TASK DETAILS
Could you repeat the entries below exactly, but only from the line with "Sink Strainer Set of 2" through the line with "New 2026 Ash", and without any picture?

[Source records]
▼

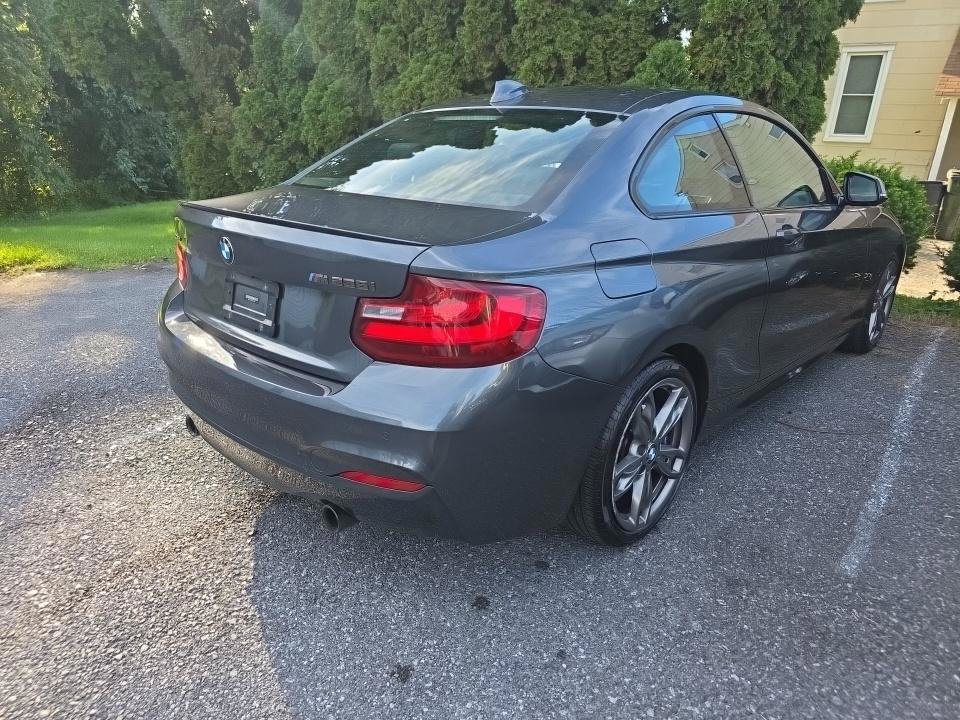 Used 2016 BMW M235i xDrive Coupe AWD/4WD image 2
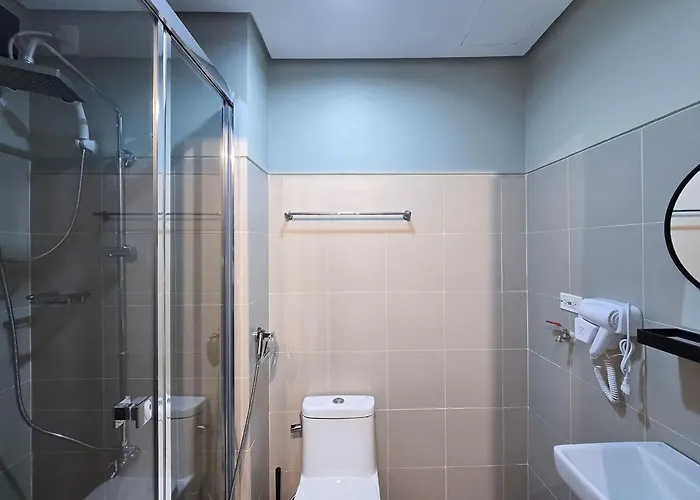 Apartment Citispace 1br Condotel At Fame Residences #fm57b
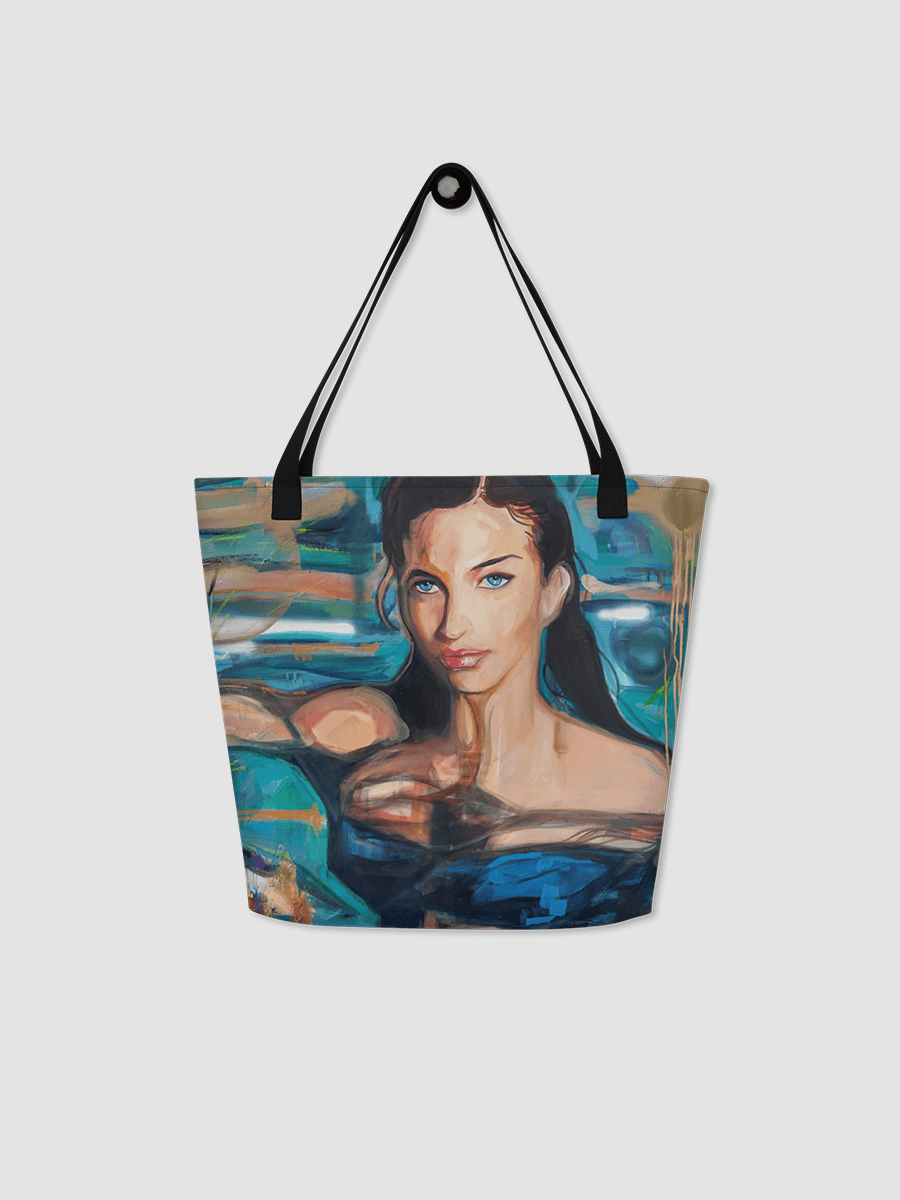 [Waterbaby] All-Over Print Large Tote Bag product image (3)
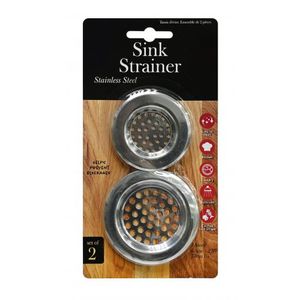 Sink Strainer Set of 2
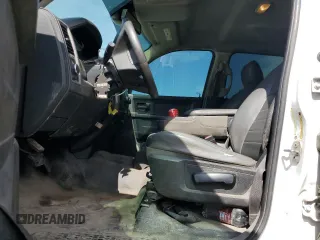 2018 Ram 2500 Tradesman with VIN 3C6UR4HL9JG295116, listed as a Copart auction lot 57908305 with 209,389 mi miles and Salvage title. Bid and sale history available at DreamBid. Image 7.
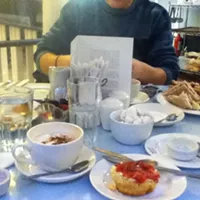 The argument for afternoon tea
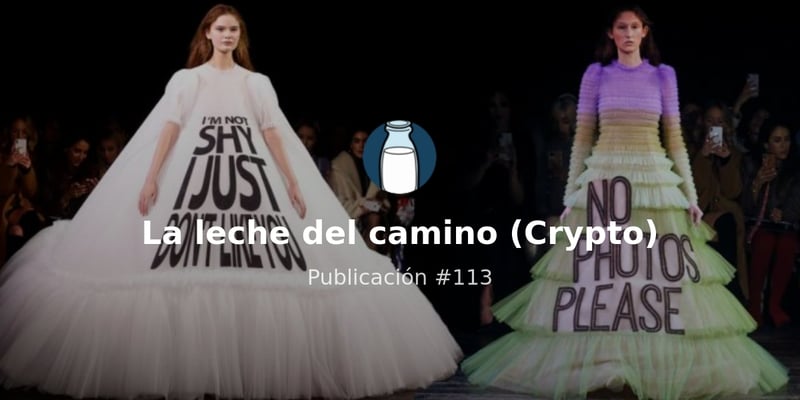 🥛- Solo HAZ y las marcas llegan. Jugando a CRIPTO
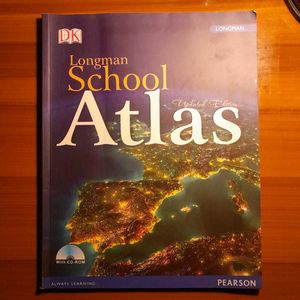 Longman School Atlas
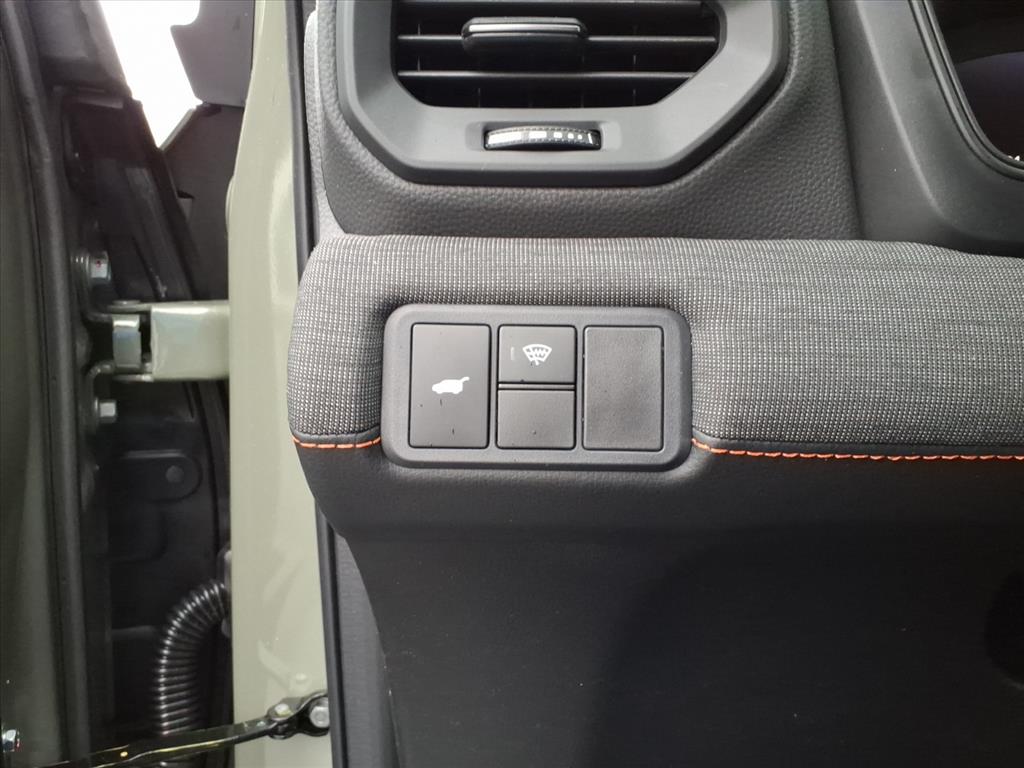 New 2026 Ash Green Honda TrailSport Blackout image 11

▲
▼

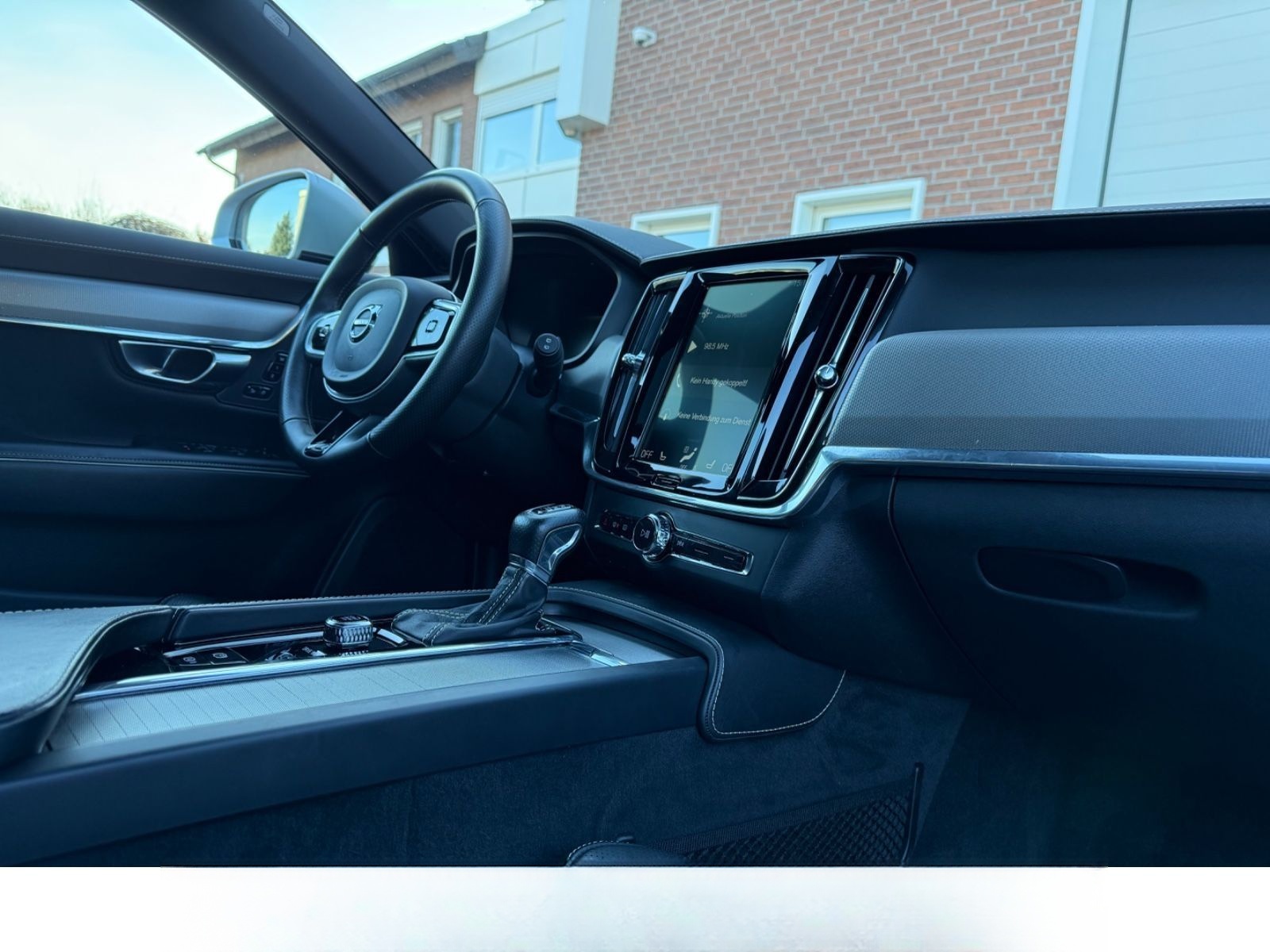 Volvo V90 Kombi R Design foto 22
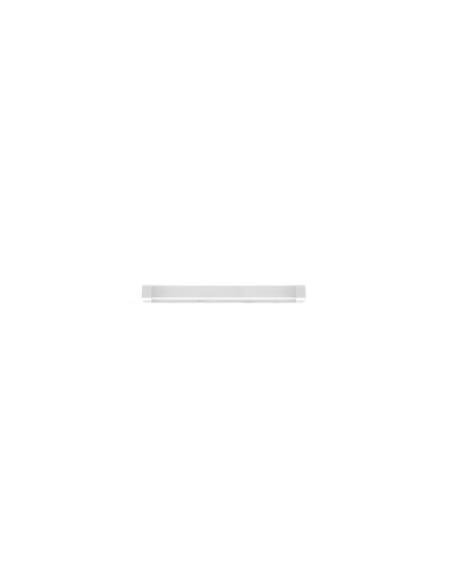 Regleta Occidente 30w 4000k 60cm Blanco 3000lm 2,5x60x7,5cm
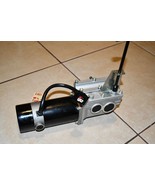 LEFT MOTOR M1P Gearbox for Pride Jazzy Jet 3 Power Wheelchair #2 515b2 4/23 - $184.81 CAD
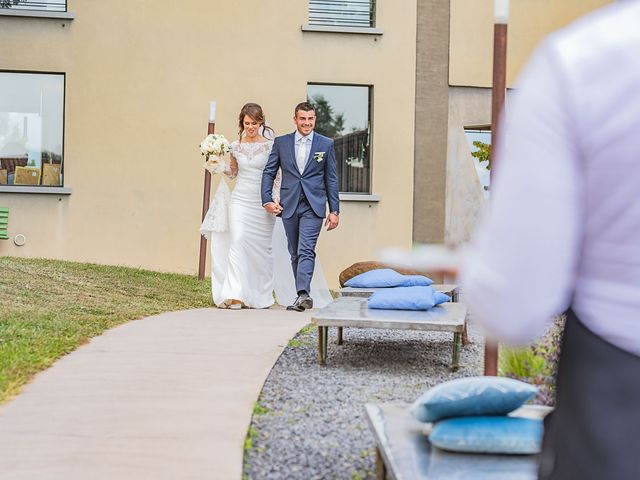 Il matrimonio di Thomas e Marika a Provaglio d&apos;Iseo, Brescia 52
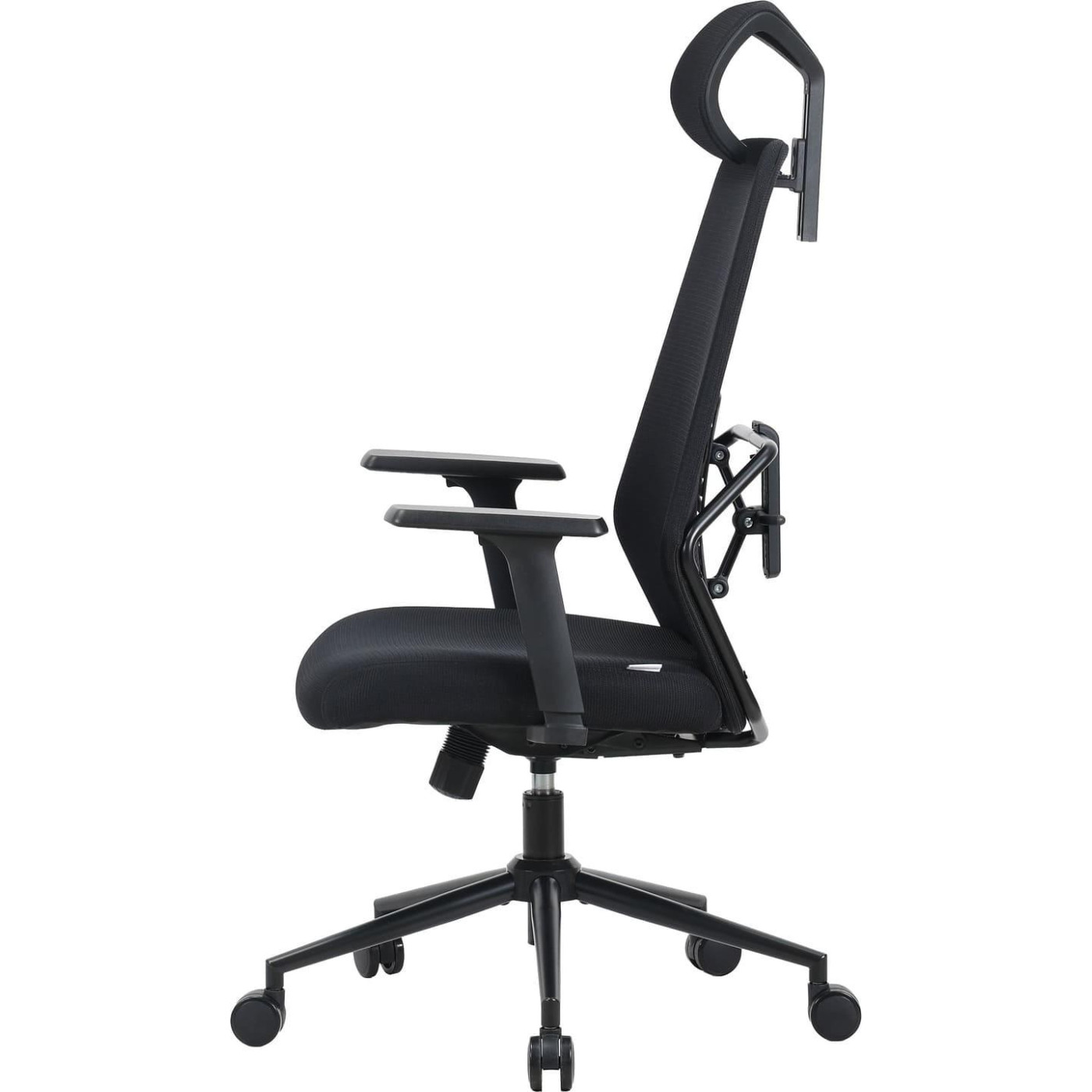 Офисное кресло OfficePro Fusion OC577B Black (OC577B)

▲

ANSWER TO THIS PROBLEM
 Sink Strainer Set of 2
 2018 Ram 2500 Tradesman with VIN 3C6UR4HL9JG295116, listed as a Copart auction lot 57908305 with 209,389 mi miles and Salvage title. Bid and sale history available at DreamBid. Image 7.
 The argument for afternoon tea
 🥛- Solo HAZ y las marcas llegan. Jugando a CRIPTO
 Longman School Atlas
 New 2026 Ash Green Honda TrailSport Blackout image 11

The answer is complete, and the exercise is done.